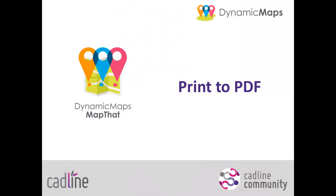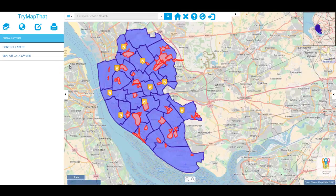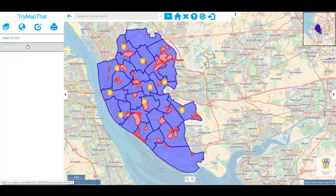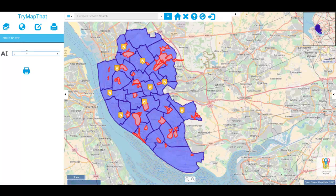Hello and welcome to CADLINE's dynamic maps how-to videos. In this video we're going to look at the map that print to PDF tool. Having chosen your layers to display, the print tool in map that provides you two options for printing: a scale print tool and a print to PDF option. For a quick print, choose print to PDF. Here we can simply enter a title for our map and press the print button to run the job.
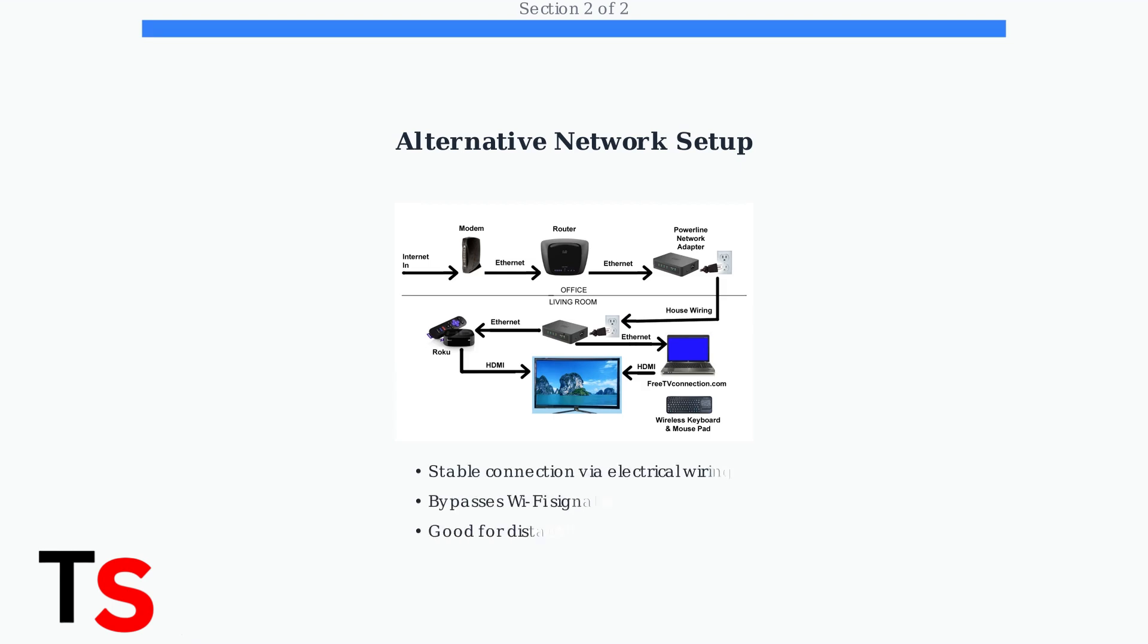Powerline adapters can provide stable internet when Wi-Fi is unreliable. They're especially useful for TVs located far from your router or in areas with poor wireless signal strength.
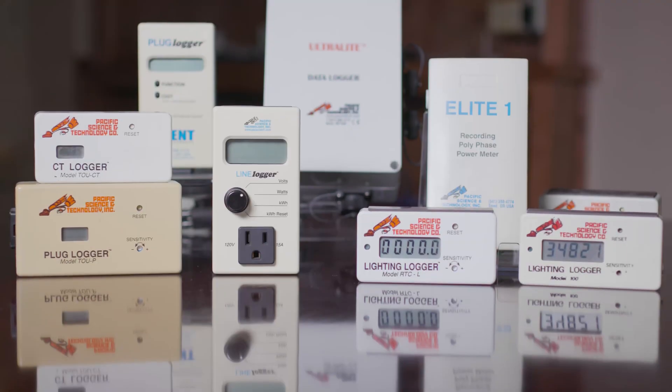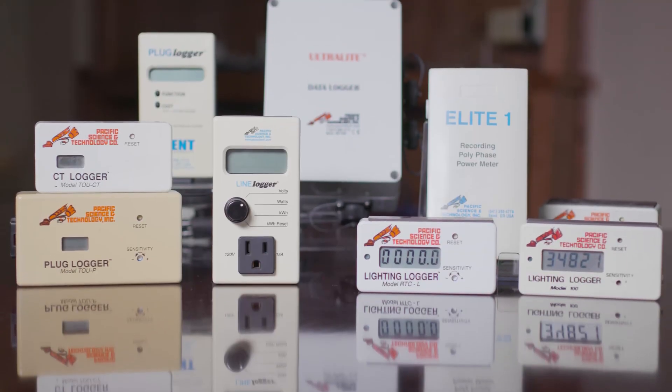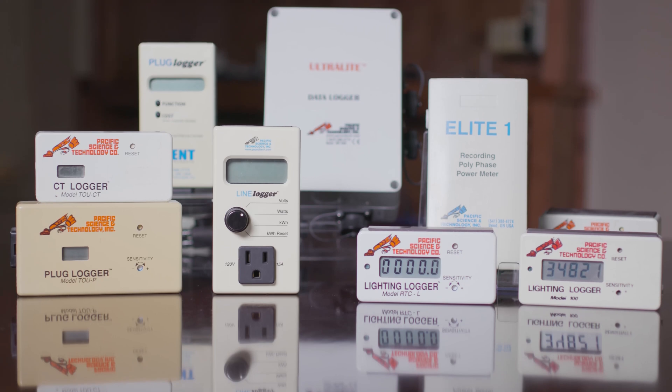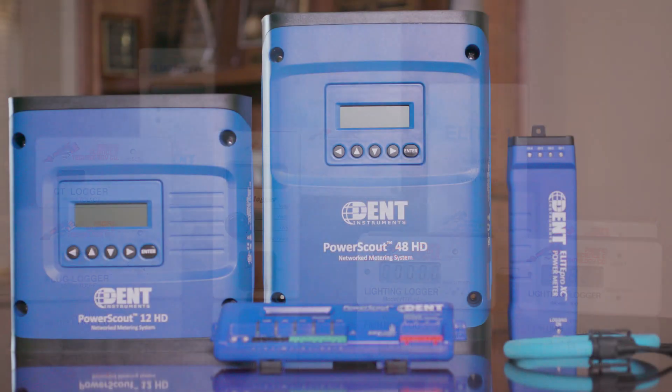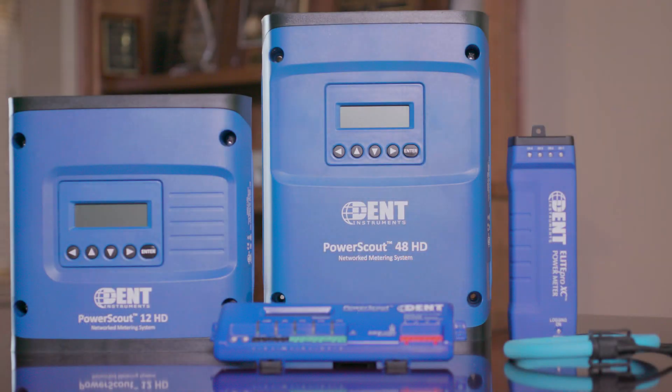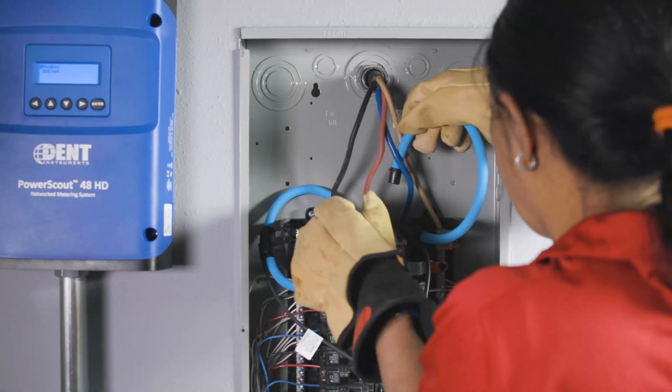I started DENT 31 years ago and I felt we could do better with the energy sources that we had and simply use less of it, and that would be a good thing both for the country and the world.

_ _ _

§ Assigned task: The data above needs to be retyped exactly, with the images left out.

§ Finished task:
Hello and welcome to CADLINE's dynamic maps how-to videos. In this video we're going to look at the map that print to PDF tool. Having chosen your layers to display, the print tool in map that provides you two options for printing: a scale print tool and a print to PDF option. For a quick print, choose print to PDF. Here we can simply enter a title for our map and press the print button to run the job.
Powerline adapters can provide stable internet when Wi-Fi is unreliable. They're especially useful for TVs located far from your router or in areas with poor wireless signal strength.
I started DENT 31 years ago and I felt we could do better with the energy sources that we had and simply use less of it, and that would be a good thing both for the country and the world.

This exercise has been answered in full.